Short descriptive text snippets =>
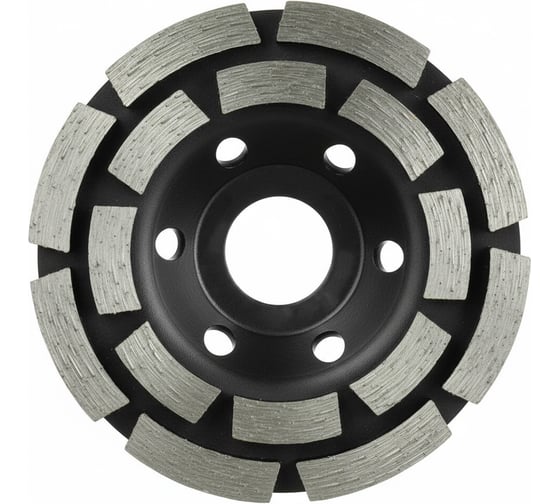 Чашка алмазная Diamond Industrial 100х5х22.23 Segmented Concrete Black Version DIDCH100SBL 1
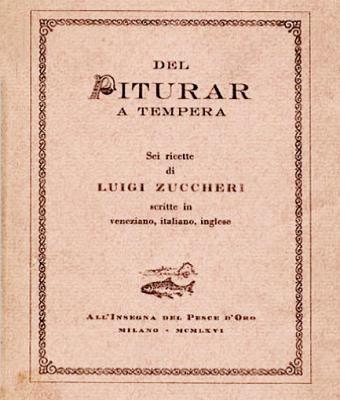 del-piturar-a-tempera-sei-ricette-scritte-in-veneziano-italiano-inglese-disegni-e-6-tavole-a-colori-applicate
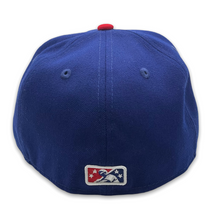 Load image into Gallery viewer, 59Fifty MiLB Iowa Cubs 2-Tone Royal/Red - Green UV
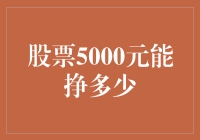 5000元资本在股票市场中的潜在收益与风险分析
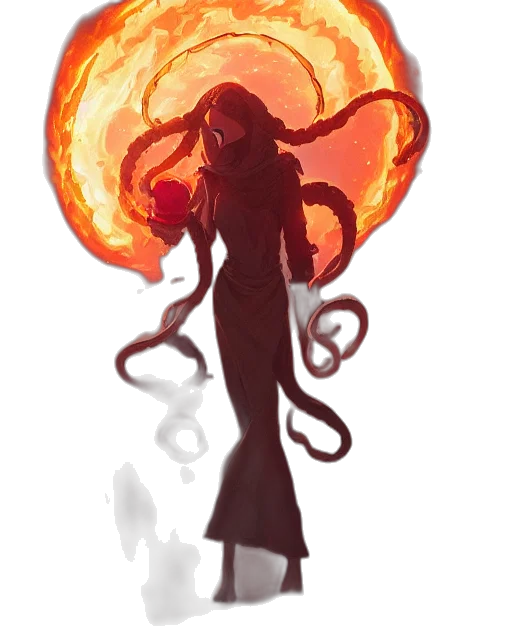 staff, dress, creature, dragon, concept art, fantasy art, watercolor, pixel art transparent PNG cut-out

What needs to be done =>
Please reproduce the records above exactly, leaving out every picture.

Expected output =>
 Чашка алмазная Diamond Industrial 100х5х22.23 Segmented Concrete Black Version DIDCH100SBL 1
 del-piturar-a-tempera-sei-ricette-scritte-in-veneziano-italiano-inglese-disegni-e-6-tavole-a-colori-applicate
 Load image into Gallery viewer, 59Fifty MiLB Iowa Cubs 2-Tone Royal/Red - Green UV
 5000元资本在股票市场中的潜在收益与风险分析
 staff, dress, creature, dragon, concept art, fantasy art, watercolor, pixel art transparent PNG cut-out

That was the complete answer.